REQUIRED ACTION: Print the data below exactly, but only the lines from the one containing "2006 GMC New" down to the one containing "Guess 4G Charm", inclusive.
● ● ● ● ●
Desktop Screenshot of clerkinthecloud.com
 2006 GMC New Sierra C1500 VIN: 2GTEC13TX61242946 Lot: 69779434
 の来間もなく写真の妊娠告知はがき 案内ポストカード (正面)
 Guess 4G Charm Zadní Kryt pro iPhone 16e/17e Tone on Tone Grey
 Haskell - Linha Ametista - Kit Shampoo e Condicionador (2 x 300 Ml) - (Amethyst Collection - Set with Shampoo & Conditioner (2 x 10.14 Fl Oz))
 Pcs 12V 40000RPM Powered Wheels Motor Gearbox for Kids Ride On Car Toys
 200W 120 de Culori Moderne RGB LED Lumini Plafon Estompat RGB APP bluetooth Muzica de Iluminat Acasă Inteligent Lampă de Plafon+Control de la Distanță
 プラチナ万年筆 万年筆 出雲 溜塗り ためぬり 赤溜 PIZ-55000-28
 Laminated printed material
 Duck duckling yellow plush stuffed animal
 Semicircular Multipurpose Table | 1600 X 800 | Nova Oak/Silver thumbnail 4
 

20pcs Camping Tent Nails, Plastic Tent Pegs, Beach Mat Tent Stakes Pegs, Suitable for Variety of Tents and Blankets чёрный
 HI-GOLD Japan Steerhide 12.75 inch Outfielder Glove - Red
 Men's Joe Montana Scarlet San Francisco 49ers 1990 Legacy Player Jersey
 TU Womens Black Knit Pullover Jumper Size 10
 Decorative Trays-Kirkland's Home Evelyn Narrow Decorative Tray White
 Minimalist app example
● ● ● ● ●
RESPONSE BOX:
 2006 GMC New Sierra C1500 VIN: 2GTEC13TX61242946 Lot: 69779434
 の来間もなく写真の妊娠告知はがき 案内ポストカード (正面)
 Guess 4G Charm Zadní Kryt pro iPhone 16e/17e Tone on Tone Grey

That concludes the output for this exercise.